▸ What the task requires
Copy, word for word, the lines of the listing below from the line with "Doubling time" up to and including the line with "Nướu răng. Chứng". Drop the pictures.

▸ Task data
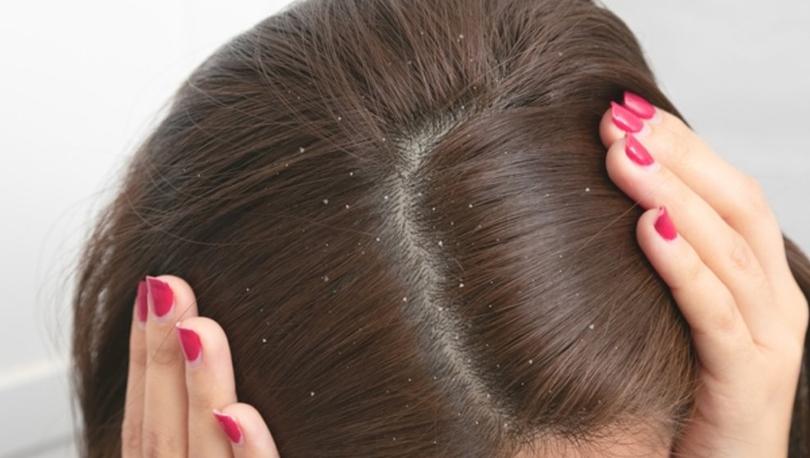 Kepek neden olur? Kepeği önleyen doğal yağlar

--

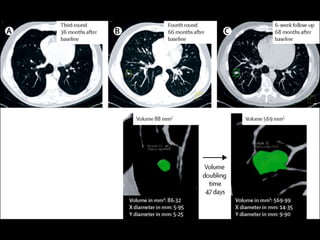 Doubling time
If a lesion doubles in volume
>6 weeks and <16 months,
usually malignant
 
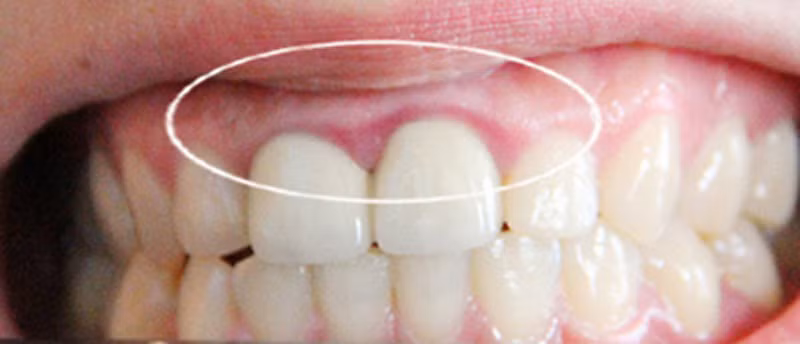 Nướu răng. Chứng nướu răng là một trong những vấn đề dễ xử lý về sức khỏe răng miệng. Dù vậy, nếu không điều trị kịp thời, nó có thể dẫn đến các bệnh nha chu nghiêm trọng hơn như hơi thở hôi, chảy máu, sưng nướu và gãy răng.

---

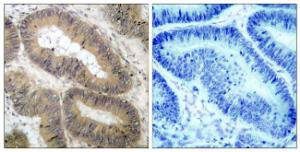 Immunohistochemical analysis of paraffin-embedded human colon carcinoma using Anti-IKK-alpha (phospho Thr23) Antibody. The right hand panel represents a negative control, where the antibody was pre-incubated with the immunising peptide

▸ Solution to this exercise
 Doubling time
If a lesion doubles in volume
>6 weeks and <16 months,
usually malignant
 
 Nướu răng. Chứng nướu răng là một trong những vấn đề dễ xử lý về sức khỏe răng miệng. Dù vậy, nếu không điều trị kịp thời, nó có thể dẫn đến các bệnh nha chu nghiêm trọng hơn như hơi thở hôi, chảy máu, sưng nướu và gãy răng.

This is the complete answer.